In other words, it seems that their token-predicting model has built itself what amounts to an internal model of the Othello board's state, which it is using to decide what moves to predict.
The paper is "Emergent world representations: Exploring a sequence model trained on a synthetic task" by Kenneth Li, Aspen Hopkins, David Bau, Fernanda Viégas, Hanspeter Pfister, and Martin Wattenberg; you can find it at https://arxiv.org/abs/2210.13382.
There is a nice expository blog post by Kenneth Li at https://thegradient.pub/othello/.
Some details that seem possibly-relevant:
- Their network has a 60-word input vocabulary (four of the 64 squares are filled when the game starts and can never be played in), 8 layers, an 8-head attention mechanism, and a 512-dimensional hidden space. (I don't know enough about transformers to know whether this in fact tells you everything important about the structure.)
- They tried training on two datasets, one of real high-level Othello games (about 140k games) and one of synthetic games where all moves are random (about 20M games). Their model trained on synthetic games predicted legal moves 99.99% of the time, but the one trained on real well-played games only predicted legal moves about 95% of the time. (This suggests that their network isn't really big enough to capture legality and good strategy at the same time, I guess?)

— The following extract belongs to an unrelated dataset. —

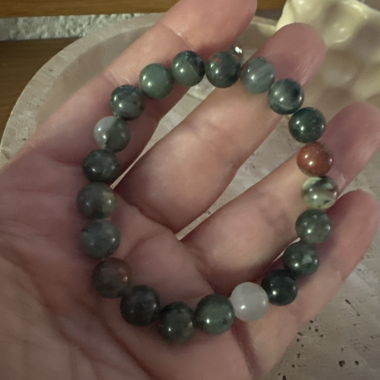 Natural stone bracelet 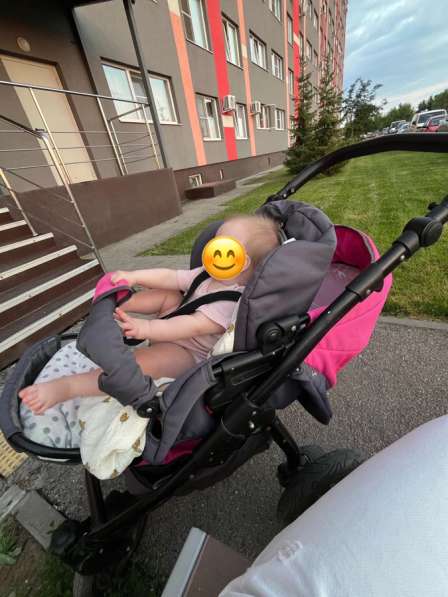 Коляска tutis 2в1 в Тольятти фото 7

- They got some evidence that their network isn't just memorizing game transcripts by training it on a 20M-game synthetic dataset where one of the four possible initial moves is never played. It still predicted legal moves 99.98% of the time when tested on the full range of legal positions. (I don't know what fraction of legal positions are reachable with the first move not having been C4; it will be more than 3/4 since there are transpositions. I doubt it's close to 99.98%, though, so it seems like the model is doing pretty well at finding legal moves in positions it hasn't seen.)
- Using probes whose output is a linear function of the network activations doesn't do a good job of reconstructing the board state (error rate is ~25%, barely better than attempting the same thing from a randomly initialized network), but training 2-layer MLPs to do it gets the error rate down to ~5% for the network trained on synthetic games and ~12% for the one trained on championship games, whereas it doesn't help at all for the randomly trained network. (This suggests that whatever "world representation" the thing has learned isn't simply a matter of having an "E3 neuron" or whatever.)
I am not at all an expert on neural network interpretability, and I don't know to what extent their findings really justify calling what they've found a "world model" and saying that it's used to make move predictions. In particular, I can't refute the following argument:
"In most positions, just knowing what moves are legal is enough to give you a good idea of most of the board state. Anything capable of determining which moves are legal will therefore have a state from which the board state is somewhat reconstructible. This work really doesn't tell us much beyond what the fact that the model could play legal moves already does. If the probes are doing something close to 'reconstruct board state from legal moves', then the interventions amount to 'change the legal moves in a way that matches those available in the modified position', which of course will make the model predict the moves that are available in the modified position."
(It would be interesting to know whether their probes are more effective at reconstructing the board state in positions where the board state is closer to being determined by the legal moves. Though that seems like it would be hard to distinguish from "the model just works better earlier in the game", which I suspect it does.)
I agree that the network trained on the large random-game dataset shows every sign of having learned the rules very well, and if I implied otherwise then that was an error. (I don't think I ever intended to imply otherwise.)
The thing I was more interested in was the difference between that and the network trained on the much smaller championship-game dataset, whose incorrect-move rate is much much higher -- about 5%. I'm pretty sure that either (1) having a lot more games of that type would help a lot or (2) having a bigger network would help a lot or (3) both; my original speculation was that 2 was more important but at that point I hadn't noticed just how big the disparity in game count was. I now think it's probably mostly 1, and I suspect that the difference between "random games" and "well played games" is not a major factor, and in particular I don't think it's likely that seeing only good moves is leading the network to learn a wrong ruleset. (It's definitely not impossible! It just isn't how I'd bet.)
Vaniver's suggestion was that the championship-game-trained network had learned a wrong ruleset on account of some legal moves being very rare. It doesn't seem likely to me that this (as opposed to 1. not having learned very well because the number of games was too small and/or 2. not having learned very well because the positions in the championship games are unrepresentative) is the explanation for having illegal moves as top prediction 5% of the time.
It looked as if you were disagreeing with that, but the arguments you've made in support all seem like cogent arguments against things other than what I was intending to say, which is why I think that at least one of us is misunderstanding the other.
In particular, at no point was I saying anything about the causes of the nonzero but very small error rate (~0.01%) of the network trained on the large random-game dataset, and at no point was I saying that that network had not done an excellent job of learning the rules.